Ag Department warns of weeds

News release from the state Ag Department:

The North Dakota Department of Agriculture is urging landowners and land managers to be on the watch for an invasive weed – cheatgrass – that has devastated millions of acres in the American West and is increasingly found in North Dakota.

“Cheatgrass is a good name for it,” Agriculture Commissioner Doug Goehring said in a statement. “It cheats native plants out of moisture and nutrients and cheats livestock producers out of good forage by ruining grazing land. It is also a serious fire hazard.”

Cheatgrass (Bromus tectorum L.) is also known as downy brome. Other nicknames include drooping brome, broncograss, military grass, downy chess, early chess and soft chess.

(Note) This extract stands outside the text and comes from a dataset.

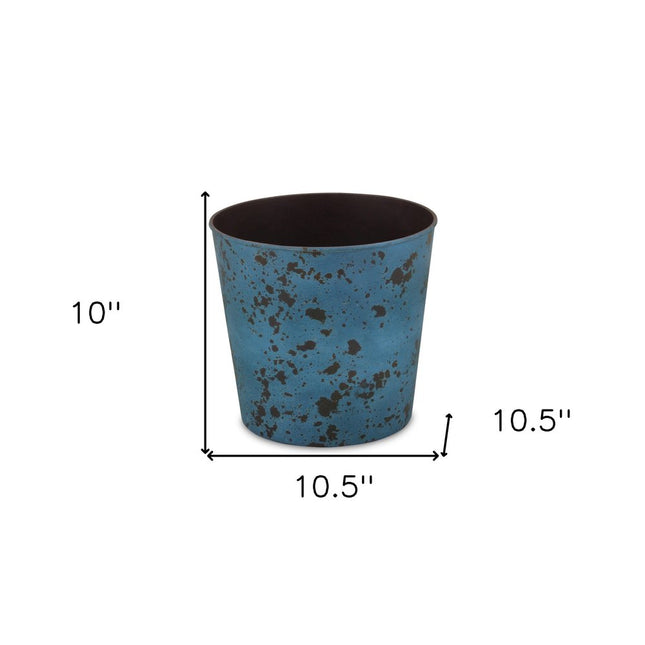 11" Blue Recycled Plastic Indoor Outdoor Round Pot Planter HomeRoots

Native to the Mediterranean, it is now found in many places around the world. It has been reported in every state, and has been declared an invasive weed in 16 states, including South Dakota. Although not on North Dakota’s noxious weed list, cheatgrass is recognized as a noxious weed in Dickey County.

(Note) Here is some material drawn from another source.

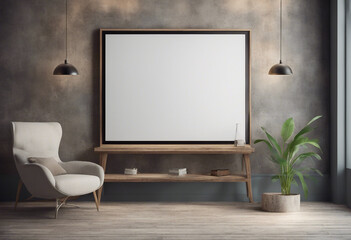 Blank mock up poster frame in hipster interior background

“Since it isn’t a state-listed noxious weed, weed boards are not required to file reports of infested acres,” Goehring said. “Reports from county agents, weed control officials and others indicate that it is spreading across North Dakota.”

An annual or winter annual grass, cheatgrass ranges from 4 to 30 inches in height. Seedlings are bright green with conspicuously hairy leaves. Stems are erect, slender and slightly hairy. The drooping seedheads of mature plants often change color from green to purple to brown or tan as the plant dries. It produces as many as 5,000 seeds per plant.

Because cheatgrass germinates in the fall, it can use up the water and nutrients needed by native plants that germinate in the spring. It also matures and dries out quickly, creating a fire hazard. Ironically, these fires help cheatgrass dominate large tracts of land.

Goehring said landowners and managers should learn to identify cheatgrass, take prompt action to control it and to report any infestations to their local weed control authorities.

“Herbicides are the primary means for controlling cheatgrass,” Goehring said. “Fortunately, several products are approved for use on cheatgrass. Producers and other landowners can get more information from their extension agent or from the noxious weed division of the agriculture department.”

Goehring said limited state cost-share funds may be available to county weed boards for cheatgrass control.